Wet insulation can cause myriad building problems – from troubles with structural integrity to issues of energy efficiency and occupant health. Read here about the problems caused by wet insulation … and what you can do about them.
Structural integrity. Wet insulation is often in contact with steel structural members in commercial buildings. Structural damage occurs from rusted steel studs, corroded wall ties, and screws that hold the ties being continually wetted due to wet insulation. As deterioration advances, ties and braces loosen.
"Over time, loosened ties result in excess movement, which leads to cracked and discolored wall surfaces; in the worst cases, it even leads to partial collapse of veneer wall systems," says Ried Artis, public relations leader for Owens Corning’s building materials group.
Energy efficiency. Loss of thermal insulation value is a consequence of wet insulation – water conducts energy. "If insulation is wetted, it becomes a conductor of energy rather than a resister," Artis explains.
When insulation conducts energy rather than reflects it, it results in higher heating or cooling bills. "In the wintertime, for example, heat rises from the heaters; that heat goes through the ceiling of the roof and you lose that energy," says Fred Garcia, owner of Therma-Comfort. "If you have insulation on the top, the heat reflects back down so you’re conserving energy."

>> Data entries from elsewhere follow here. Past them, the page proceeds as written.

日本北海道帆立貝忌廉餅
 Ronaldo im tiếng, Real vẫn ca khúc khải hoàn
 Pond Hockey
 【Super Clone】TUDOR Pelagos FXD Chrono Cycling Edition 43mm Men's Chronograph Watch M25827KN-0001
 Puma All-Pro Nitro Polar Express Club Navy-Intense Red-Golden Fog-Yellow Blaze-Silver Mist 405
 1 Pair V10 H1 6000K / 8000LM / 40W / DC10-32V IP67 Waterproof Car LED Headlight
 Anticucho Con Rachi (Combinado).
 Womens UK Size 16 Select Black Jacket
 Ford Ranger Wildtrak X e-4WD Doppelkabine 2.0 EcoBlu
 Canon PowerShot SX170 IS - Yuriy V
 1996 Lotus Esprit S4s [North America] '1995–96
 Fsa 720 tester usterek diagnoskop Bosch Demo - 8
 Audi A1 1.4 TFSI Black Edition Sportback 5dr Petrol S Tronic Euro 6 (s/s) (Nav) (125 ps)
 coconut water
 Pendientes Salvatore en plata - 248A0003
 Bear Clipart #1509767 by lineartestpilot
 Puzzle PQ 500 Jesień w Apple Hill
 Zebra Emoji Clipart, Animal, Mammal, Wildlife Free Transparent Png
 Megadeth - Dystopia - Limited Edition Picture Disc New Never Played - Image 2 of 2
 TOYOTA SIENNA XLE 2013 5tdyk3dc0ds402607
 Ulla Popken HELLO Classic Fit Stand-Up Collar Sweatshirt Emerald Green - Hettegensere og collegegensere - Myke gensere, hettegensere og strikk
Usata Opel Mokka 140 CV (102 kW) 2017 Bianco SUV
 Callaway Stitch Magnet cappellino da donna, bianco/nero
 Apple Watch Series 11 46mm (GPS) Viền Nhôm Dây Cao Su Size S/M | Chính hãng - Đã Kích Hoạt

Health. Moisture caused by wet insulation contributes to mold and IAQ degradation. Mold needs mold spores, a food source, adequate temperature, and moisture to thrive; water is often the only element that can be controlled. "If we control and limit water in the wall by using good design, good construction, and good maintenance, there’s a good chance of controlling mold growth," says Artis.
There are several sources of wet insulation due to construction and/or design flaws that contribute to insulation wetness.
Artis cites the following examples:
• Wetting of unprotected insulation from water during construction.
• Improper construction (poorly installed flashing or coping details, and poor seals around openings in the walls).
• Clogging air spaces in the wall and weep holes, which are intended to help with drainage.
• Failure to install water-resistant, continuous insulation, resulting in thermal bridging through steel stud framing, which leads to cold spots and condensation in the walls.
• Latent moisture generated inside during construction from curing concrete or drying spackling plaster.
• Infiltration of warm, moisture-laden air that mingles with cooler air, creating condensation and wetting.
• Absence of properly designed and installed air barriers.
Artis recommends using a three-stage approach to prevent wet insulation.
Stage No. 1: Design. When building a new building or remodeling an existing building, make sure it’s designed with sensitivity to potential design flaws and moisture sources. "Specify insulation materials, such as extruded polystyrene, that are moisture resistant and control thermal bridging and condensation locations," says Artis.
Stage No. 2: Construction. Pay attention to details. "Proper design and drawings are one thing," Artis says. "Proper installation is another." Inspect, verify, and manage latent moisture throughout construction. If necessary, use temporary dehumidification equipment.
Stage No. 3: Maintenance. Use qualified professionals and establish an annual routine inspection for copings at the top of parapet walls, visible flashings, lintels over windows, and control joint seals in masonry walls. Inspect for internal clues of moisture (peeling finishes or discoloration in walls or floors).
Unfortunately, water in insulation or wall systems is often not visible until it has already done damage. "Wet drywall may not be noticed until discoloration and mold set in," says Artis. Once those things appear, he says that repair work may be very extensive.
"Time and money spent on repairs and downtime can be minimized through vigilant maintenance, early identification of problems, and rapid remediation with drying machinery and dehumidifiers accurately positioned for maximum effect," explains Artis. "When water is detected, it’s important to identify the source so gutting and remediation can be performed with pinpoint accuracy."